Holland is obsessed with its appels and aardappels (potatoes). But it is rather like the classic question of which came first, the chicken or the egg, the appel or aardappel?
I spent an hour in Albert Heijn exploring this cultural phenonemon. Vegetable names are nothing like their English counterparts, but the fruit names might well be unidentical twins.
Apple is appel, pear is peer, melon is meloen.
Ultimately I realized that apple is the undisputed king, for even oranges are named after them. Consider these names:
- orange — sinaasappel,
- pomegranates — granaatappel, and
- potatoes — aardappels.
An apple by any other name
The appel boom (tree, so yes, pun intended), is quintessentially Dutch.
Perhaps no one has exploited apples as much as these people. Apple pie is nothing unique, but has the world heard of appelbollen, appel kruimel vlaai and appelflappen?
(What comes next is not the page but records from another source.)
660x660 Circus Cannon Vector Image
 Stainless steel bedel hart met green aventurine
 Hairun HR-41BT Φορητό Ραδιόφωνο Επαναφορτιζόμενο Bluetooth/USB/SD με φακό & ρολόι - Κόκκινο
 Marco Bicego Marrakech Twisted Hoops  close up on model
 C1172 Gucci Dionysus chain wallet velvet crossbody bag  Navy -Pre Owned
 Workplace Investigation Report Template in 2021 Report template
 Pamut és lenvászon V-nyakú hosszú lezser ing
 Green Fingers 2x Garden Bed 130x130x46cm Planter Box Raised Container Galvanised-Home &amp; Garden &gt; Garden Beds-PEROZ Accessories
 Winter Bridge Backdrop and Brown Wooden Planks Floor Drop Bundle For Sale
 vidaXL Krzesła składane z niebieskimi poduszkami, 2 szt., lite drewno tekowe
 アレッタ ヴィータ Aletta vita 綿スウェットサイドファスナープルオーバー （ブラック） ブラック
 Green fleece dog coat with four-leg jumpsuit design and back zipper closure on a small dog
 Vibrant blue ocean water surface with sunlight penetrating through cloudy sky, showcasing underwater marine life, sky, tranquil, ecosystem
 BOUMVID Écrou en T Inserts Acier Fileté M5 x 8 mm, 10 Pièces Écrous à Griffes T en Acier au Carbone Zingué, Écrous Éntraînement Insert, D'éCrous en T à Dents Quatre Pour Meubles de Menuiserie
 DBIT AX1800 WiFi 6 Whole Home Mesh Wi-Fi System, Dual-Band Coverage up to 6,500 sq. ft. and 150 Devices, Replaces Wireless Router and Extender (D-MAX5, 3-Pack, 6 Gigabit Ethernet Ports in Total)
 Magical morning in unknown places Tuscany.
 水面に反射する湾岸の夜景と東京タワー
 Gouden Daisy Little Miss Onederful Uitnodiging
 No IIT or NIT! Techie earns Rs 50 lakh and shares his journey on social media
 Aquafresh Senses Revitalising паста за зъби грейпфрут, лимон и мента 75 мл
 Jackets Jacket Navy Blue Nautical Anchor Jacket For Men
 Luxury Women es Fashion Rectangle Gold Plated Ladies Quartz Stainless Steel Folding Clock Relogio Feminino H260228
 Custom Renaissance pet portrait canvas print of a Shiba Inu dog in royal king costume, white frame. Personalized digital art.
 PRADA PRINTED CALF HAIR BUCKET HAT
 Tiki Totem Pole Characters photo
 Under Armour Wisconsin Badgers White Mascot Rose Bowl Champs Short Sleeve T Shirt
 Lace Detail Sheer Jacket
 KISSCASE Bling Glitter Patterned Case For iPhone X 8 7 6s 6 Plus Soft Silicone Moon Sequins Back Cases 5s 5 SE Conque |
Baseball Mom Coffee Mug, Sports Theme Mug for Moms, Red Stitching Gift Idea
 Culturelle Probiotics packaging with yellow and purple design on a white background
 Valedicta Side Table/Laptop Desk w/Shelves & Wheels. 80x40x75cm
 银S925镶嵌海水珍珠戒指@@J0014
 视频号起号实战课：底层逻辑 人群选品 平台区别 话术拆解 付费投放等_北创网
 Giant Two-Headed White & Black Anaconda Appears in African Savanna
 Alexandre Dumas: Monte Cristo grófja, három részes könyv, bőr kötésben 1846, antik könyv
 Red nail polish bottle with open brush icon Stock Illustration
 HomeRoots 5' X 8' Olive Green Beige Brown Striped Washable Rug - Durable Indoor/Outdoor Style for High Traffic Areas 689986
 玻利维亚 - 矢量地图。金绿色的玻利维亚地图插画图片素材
They’re flaky, taste sweet, cinnamony, buttery, and… all apple pie in disguise!
Moving on to another level of apple-love, who else could have put apples to a non-culinary use? Fresh apple deoderant spray, anyone? Or toilet freshener that leaves an apple aroma? Apple gets flattered in the Dutch kitchen, toilet and even under Dutch arms!
The a-peeling potato
Imagine my delight (as a vegetarian who abhors most vegetables) to discover that classic Dutch cuisine glorifies the soul food of picky eaters: the humble potato.
Of course, I still won’t drown my fries in a mixture of mayonnaise but I can live on friet for the rest of my life. Mashed potatoes, smashed potatoes, roasted potatoes, creamed potatoes are all music to my ears.
A dozen varieties of earthy potatoes and a dozen other ways of eating them — that is the luxury Holland has to offer.
Mr Appel and Mrs Aardappel
The Dutch are also famous for the brilliant (or not) marriage of their two great loves — apples and potatoes. Are you ready to scarf down:
- Hete bliksem — mashed apple and potatoes,
- Appel-aardappel salade — apple and potato salad,
- aardappel en appel met rode kool — apples and potatoes with red cabbage
Some toddlers (and adults) go a step further and use apple sauce as a condiment for their fries!
Of course, there are some who argue that Dutch cuisine is just a collection of readymade supermarket meals and deep-fried meat.